Skipping the images, transcribe each record below as it is.

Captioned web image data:
↓

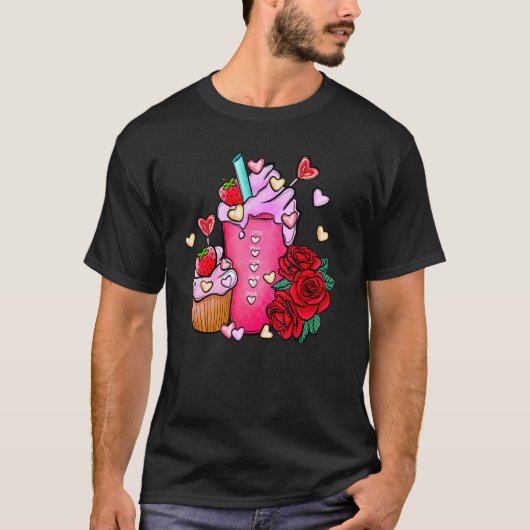 Cute Happy Valentines Day Koffee Tea Rozen Heart L T-shirt (Voorkant)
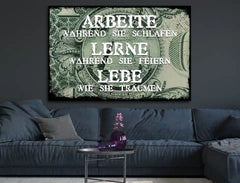 Deko-Leinwand Motivation Lebe - wie sie träumen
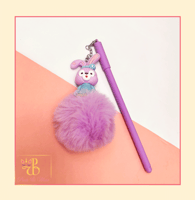 قلم بنفسجي بتعليقة فروة شكل ارنب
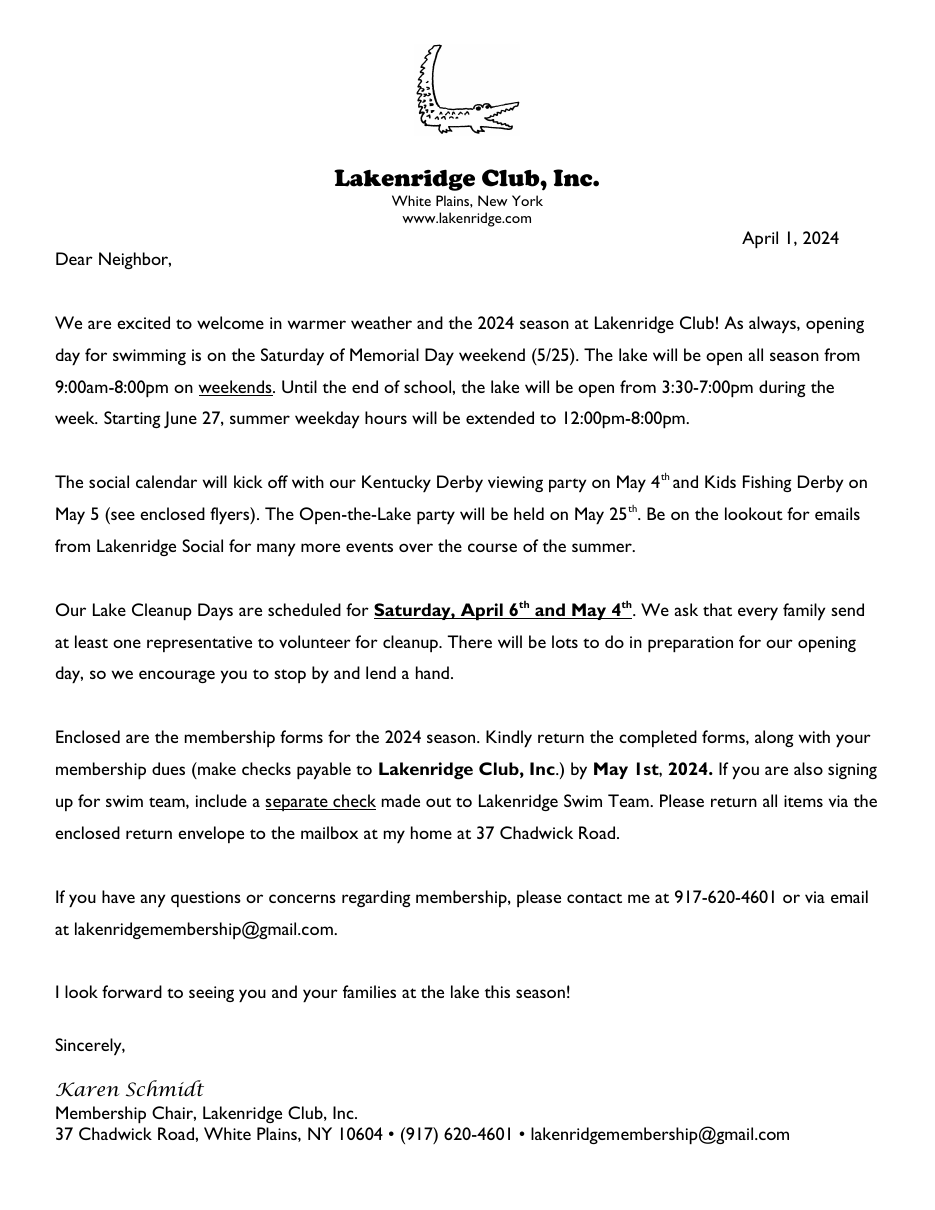 Lakenridge Club membership letter describing the lake season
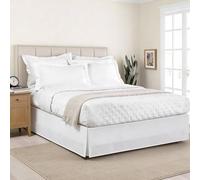 Lux URY Jupe de lit sur Mesure pour hôtel, Plis carrés, Hauteur de 35,6 cm, lit Double, Blanc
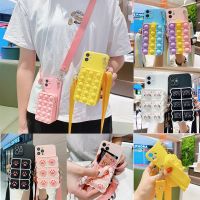 [Woo Fashion Case] เคสกระเป๋าใส่เหรียญของเล่นฟิดเจ็ตแบบกดสำหรับ iPhone 14 13 12 Mini 11 Pro X XS Max XR 6S 7 8 Plus SE ฝาครอบที่ใส่บัตรกระเป๋าเงิน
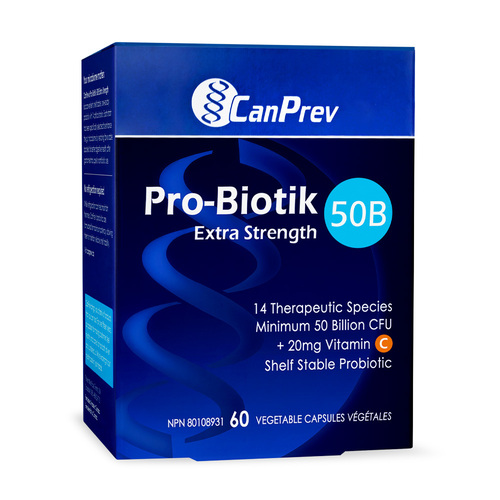 CanPrev Pro-Biotik 50B - Extra Strength, 30 capsules CanPrev Pro-Biotik 50B - Extra Strength on white background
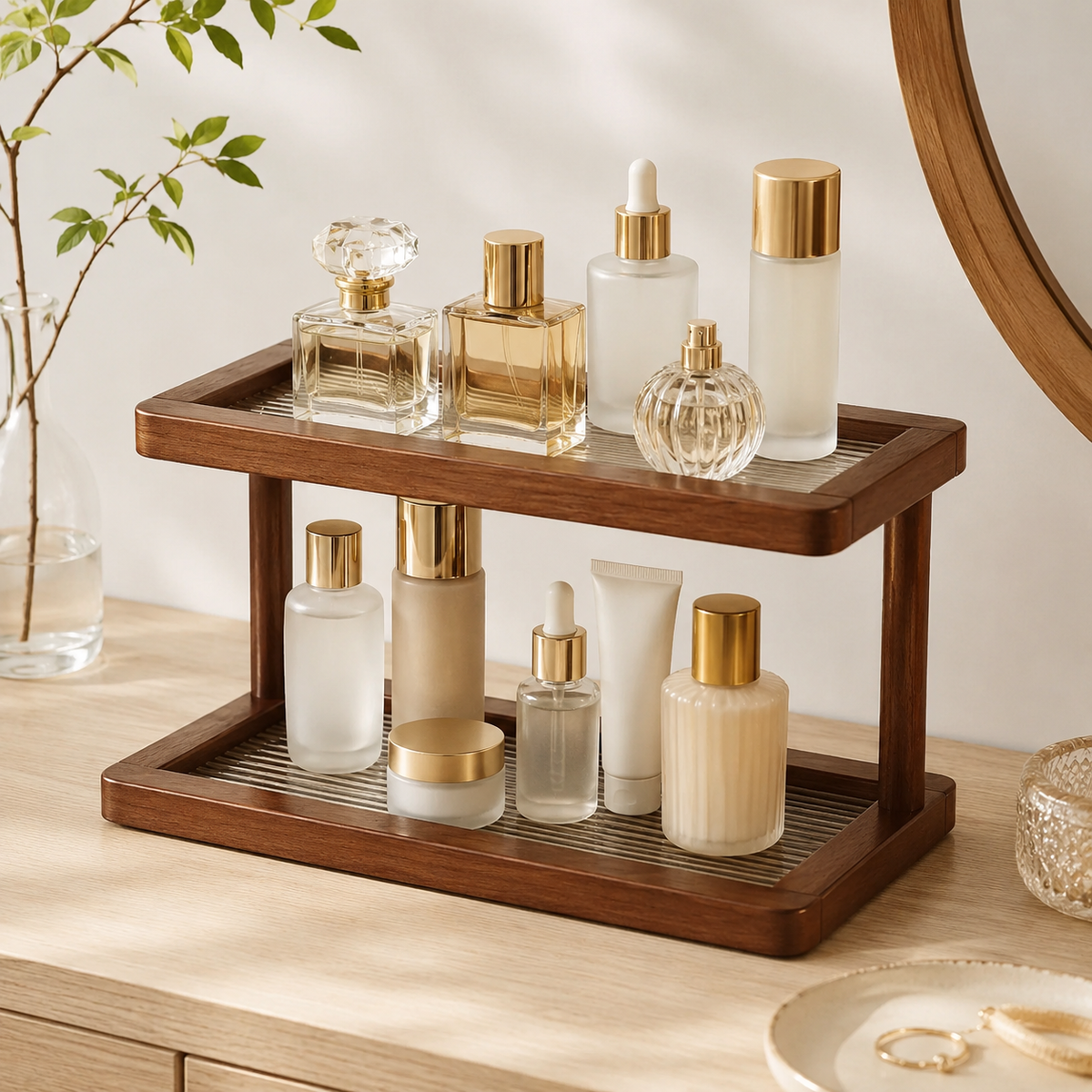 2-Tier Walnut Bamboo Countertop Shelf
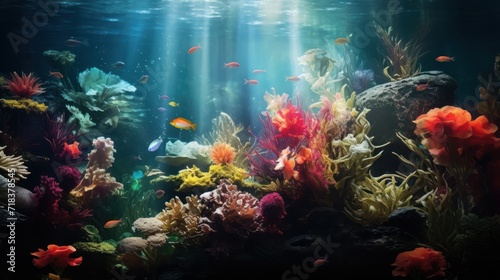  an underwater scene of a coral reef with fish and corals in the foreground and sunlight streaming through the water.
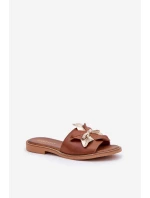 Klapki Z Ozdobą Skóra Naturalna Zazoo 3574/Z Camel Klapki Z Ozdobą Skóra Naturalna Zazoo 3574/Z Camel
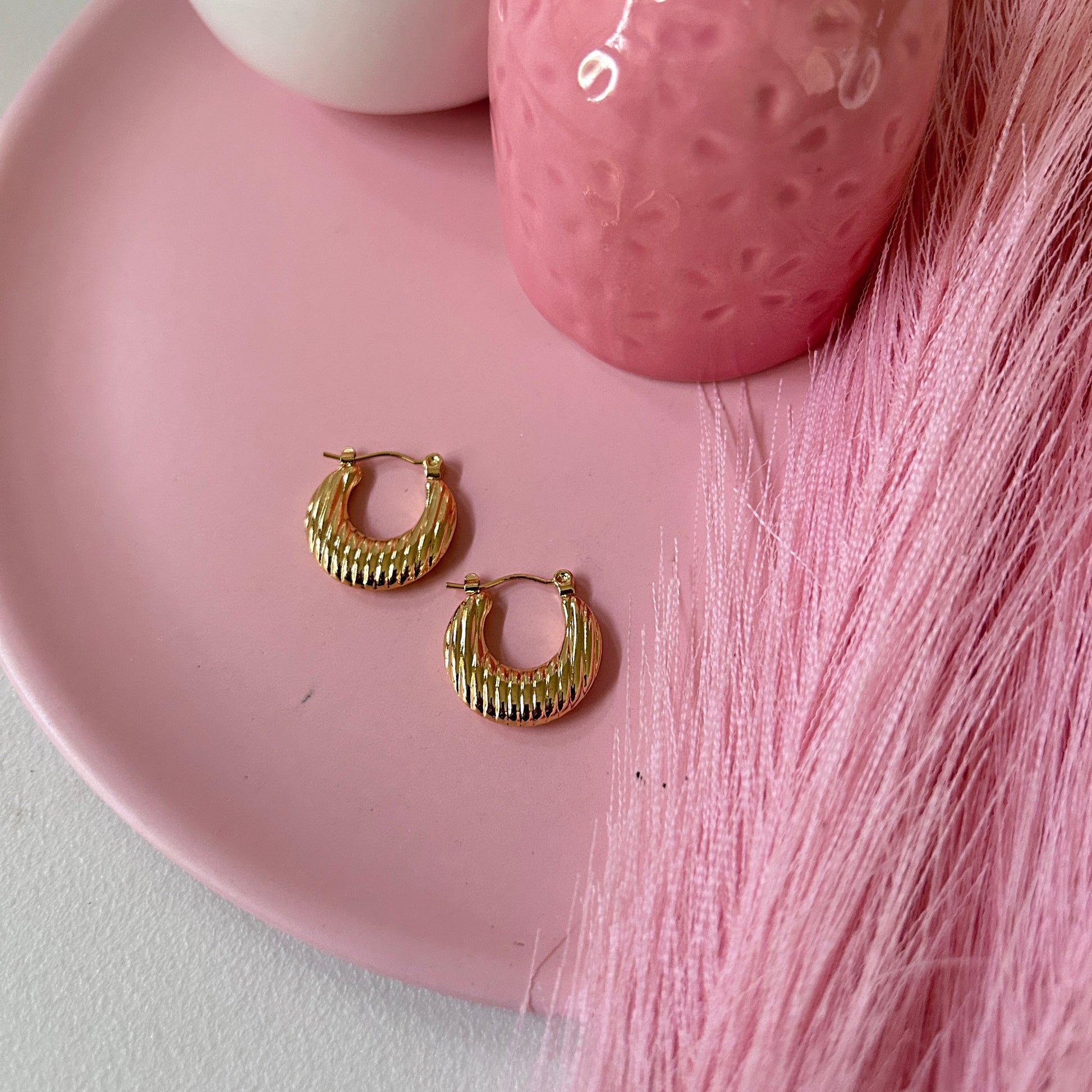 Glossy Gold Hoop Earrings

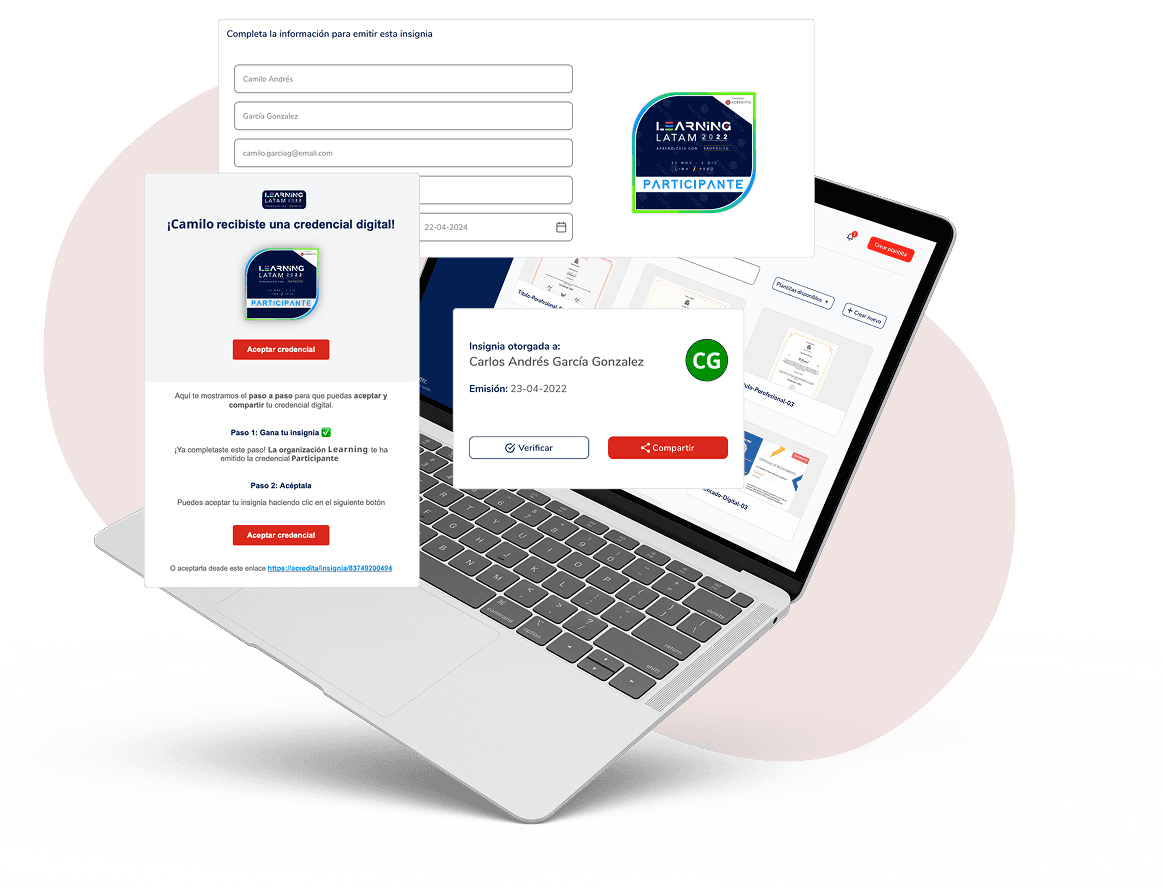 Acreditta digital credential product screens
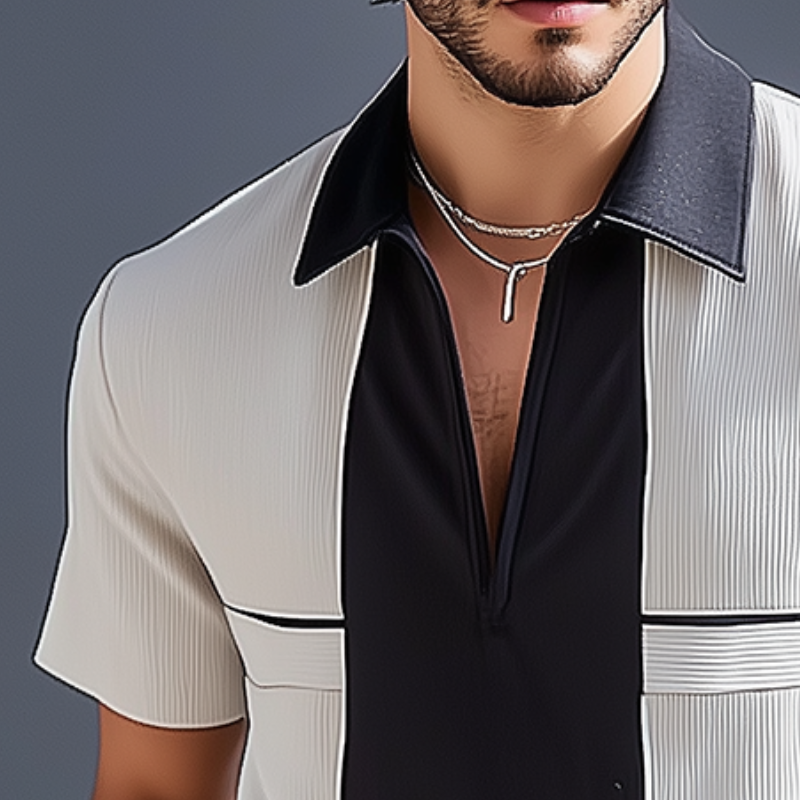 Jamie | Men'S Retro Casual Colorblock Striped Lapel Short Sleeve Shirt
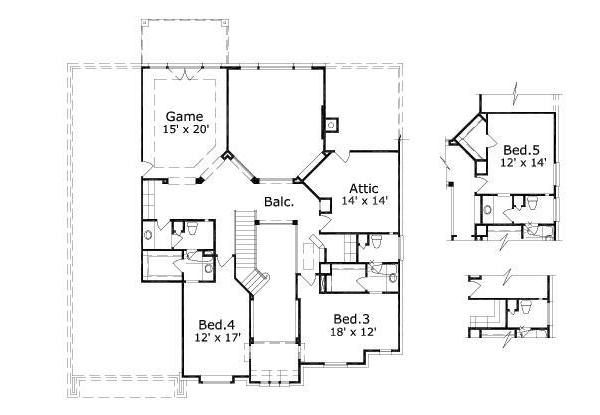 Traditional Floor Plan - Upper Floor Plan #411-391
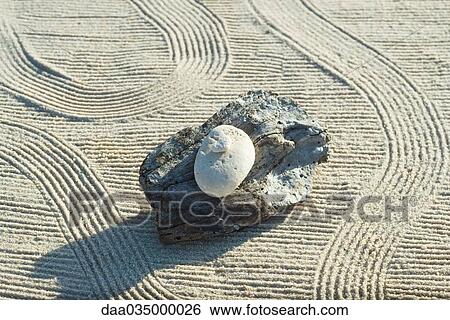 Stones stacked on top of driftwood on raked sand View Large Photo Image Stock Photograph - Stones stacked on top of driftwood on raked sand. Fotosearch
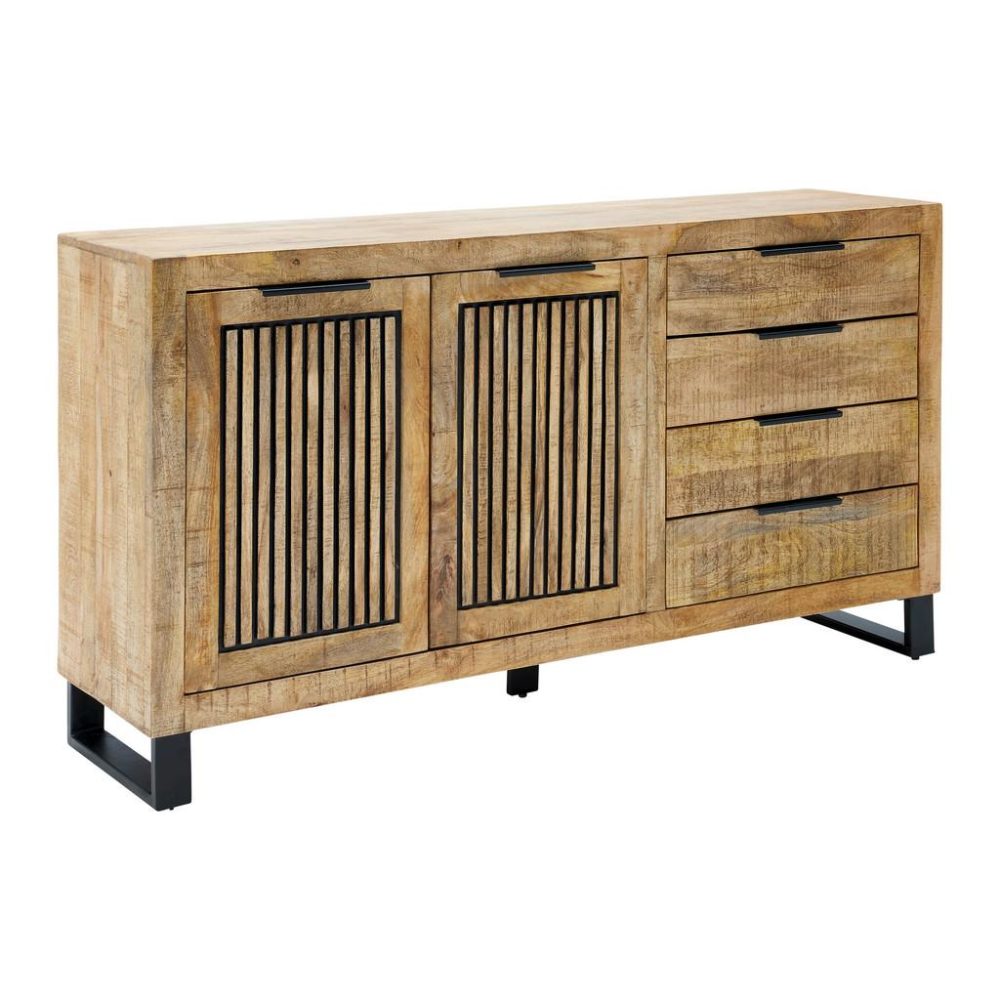 Sideboard Everest In Naturfarben/schwarz.  160/85/40 cm 3 Schublade(n)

↑

**Exercise output:**
 Cute Happy Valentines Day Koffee Tea Rozen Heart L T-shirt (Voorkant)
 Deko-Leinwand Motivation Lebe - wie sie träumen
 قلم بنفسجي بتعليقة فروة شكل ارنب
 Lakenridge Club membership letter describing the lake season
 Lux URY Jupe de lit sur Mesure pour hôtel, Plis carrés, Hauteur de 35,6 cm, lit Double, Blanc
 [Woo Fashion Case] เคสกระเป๋าใส่เหรียญของเล่นฟิดเจ็ตแบบกดสำหรับ iPhone 14 13 12 Mini 11 Pro X XS Max XR 6S 7 8 Plus SE ฝาครอบที่ใส่บัตรกระเป๋าเงิน
 CanPrev Pro-Biotik 50B - Extra Strength, 30 capsules CanPrev Pro-Biotik 50B - Extra Strength on white background
 2-Tier Walnut Bamboo Countertop Shelf
  an underwater scene of a coral reef with fish and corals in the foreground and sunlight streaming through the water.
 Klapki Z Ozdobą Skóra Naturalna Zazoo 3574/Z Camel Klapki Z Ozdobą Skóra Naturalna Zazoo 3574/Z Camel
 Glossy Gold Hoop Earrings

 Acreditta digital credential product screens
 Jamie | Men'S Retro Casual Colorblock Striped Lapel Short Sleeve Shirt
 Traditional Floor Plan - Upper Floor Plan #411-391
 Stones stacked on top of driftwood on raked sand View Large Photo Image Stock Photograph - Stones stacked on top of driftwood on raked sand. Fotosearch
 Sideboard Everest In Naturfarben/schwarz.  160/85/40 cm 3 Schublade(n)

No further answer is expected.